Koto adalah alat musik petik yang datang ke Jepang, melalui Cina, pada abad ke-7. Koto awalnya dimulai dengan lima string, kemudian tujuh dan pada saat datang ke Jepang, ada 12 string, yang meningkat menjadi tiga belas string.
Koto merupakan instrumen yang populer di kalangan bangsawan, dan pada zaman dahulu seseorang yang tahu cara bermain koto dengan baik dianggap sangat menarik karena mencerminkan kecantikannya. Koto pertama kali digunakan di Jepang pada periode Nara dalam pertunjukan musik istana.
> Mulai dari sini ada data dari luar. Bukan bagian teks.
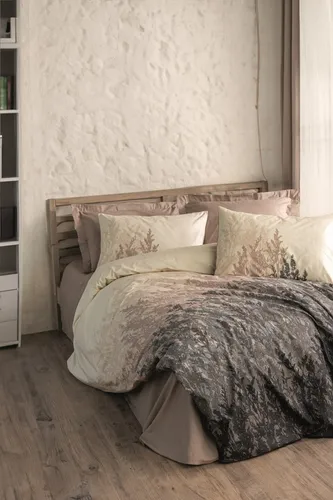 Ranforce Super King Bettwäsche Set 100% Baumwolle - Hochwertiges Bettwäsche-Set aus 100% Baumwolle, maschinenwaschbar bei 30 °C, ideal für eine angenehme Nachtruhe. Größe: 260 x 220 cm, Farbe: Beige.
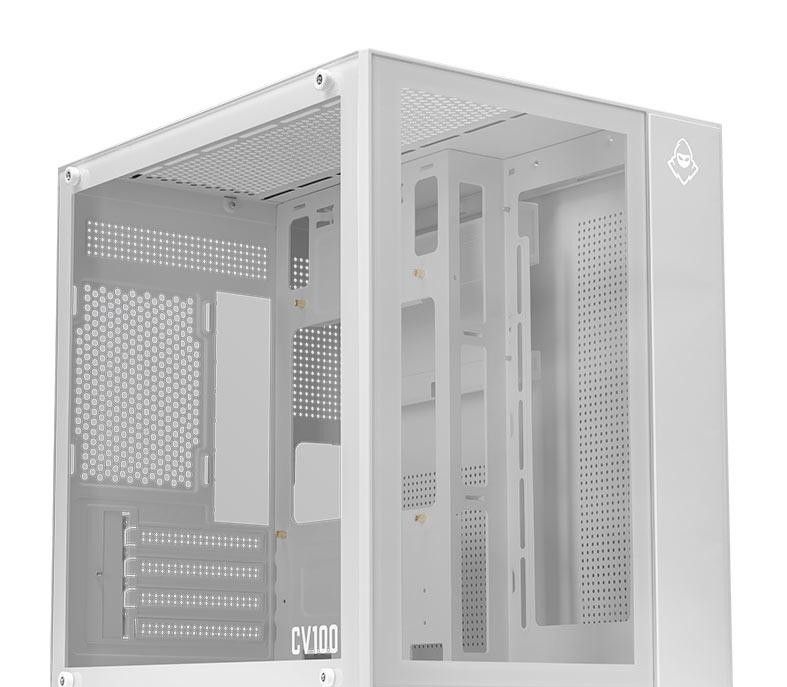 Gabinete Gamer Aquário Mancer CV100, Mid-Tower, Lateral De Vidro, Branco, MCR-CV100-WH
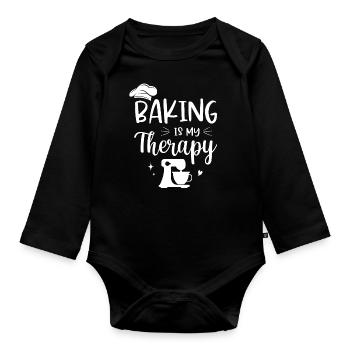 Baker Bakery Bakery Baking Gift - Organic Longsleeve Baby Bodysuit - black - Front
Pada periode Heian, koto digunakan untuk mengiringi penyanyi lagu-lagu populer, sedangkan selama periode abad pertengahan, koto digunakan sebagai instrumen solo dan sebagai iringan nyanyian ritual Buddha.
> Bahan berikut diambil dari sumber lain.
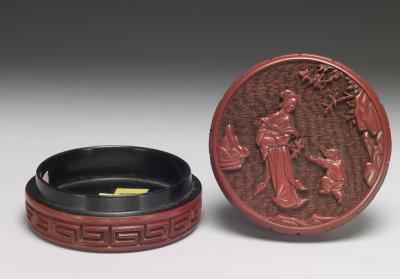 图片[2]-Round box with lady and child at play/ Carved red lacquerware-China Archive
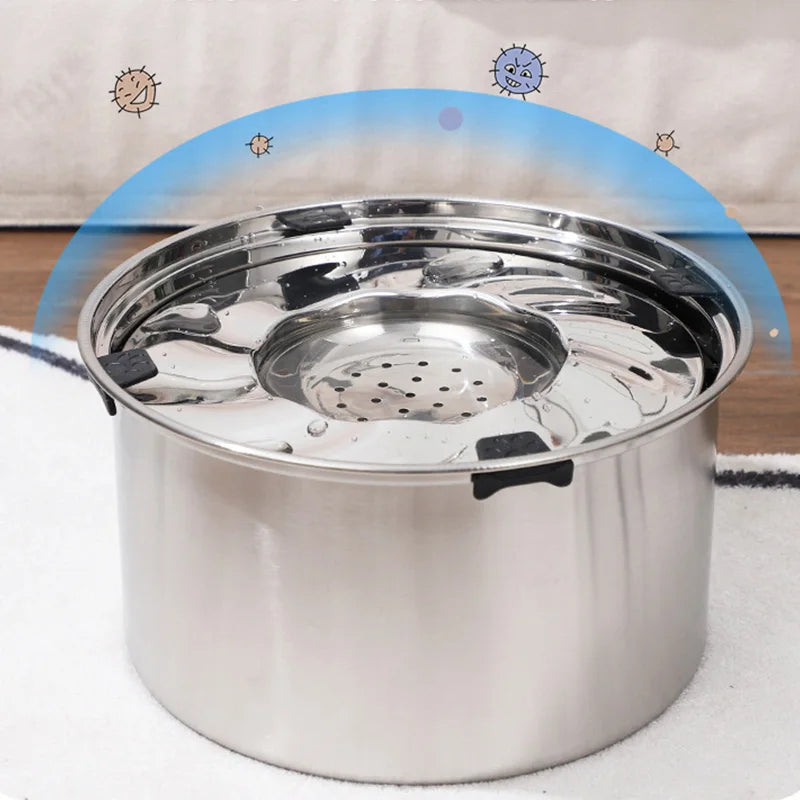 Stainless Steel Dog Water Bowl with No-Spill Design-My Little Pet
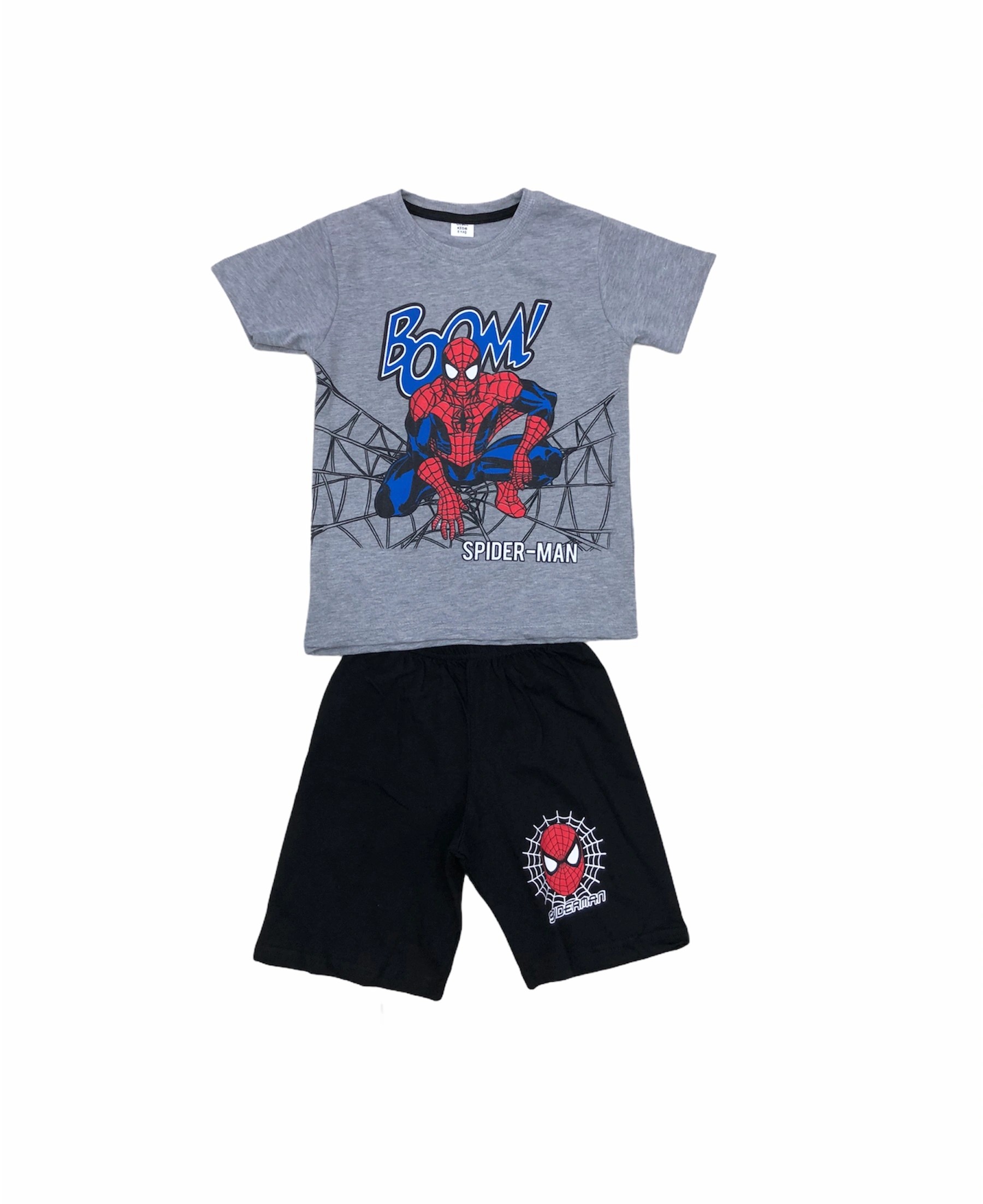 Soie Cotton Erkek Çocuk Spiderman Baskılı Şortlu Penye Takım  - Karışık - 100001453198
Awalnya koto dimainkan sebagai alat musik tunggal tanpa iringan dari alat musik yang lain. Koto menjadi terkenal atau populer pada abad 17 M setelah seorang maestro alat musik ini menciptakan karya-karya legendaris yaitu Hachidan dan juga Midare. Maestro tersebut bernama Yatsuhashi Kengyo yang menciptakan pakem mendasar bagi lagu-lagu koto atau disebut juga sebagai Sokyoku. Uniknya musik Jepang hanya memiliki 5 nada dan bukan 7 nada seperti yang kita kenal. Karena karya Yatsuhashi lah maka musik koto dicintai warga Jepang dan akhirnya diakui sebagai musik tradisional Jepang. Yatsuhashi akhirnya meninggal dunia pada tahun 1685 yang merupakan tahun lahirnya Bach yang merupakan komposer musik klasik yang terkenal hingga sekarang.
Panjang koto sekitar 160 cm hingga 200 cm dengan lebar sekitar 20 cm. Koto terbuat dari kayu Paulownia (seperti kayu dari Pohon Ash) dan senar yang diikatkan pada kayu tersebut seperti alat musik petik pada umumnya. Koto dimainkan dengan picks yang dikenakan pada jari-jari di tangan kanan sementara tangan kiri menekuk senar-senar yang ada untuk menghasilnya bunyi-bunyi yang berbeda.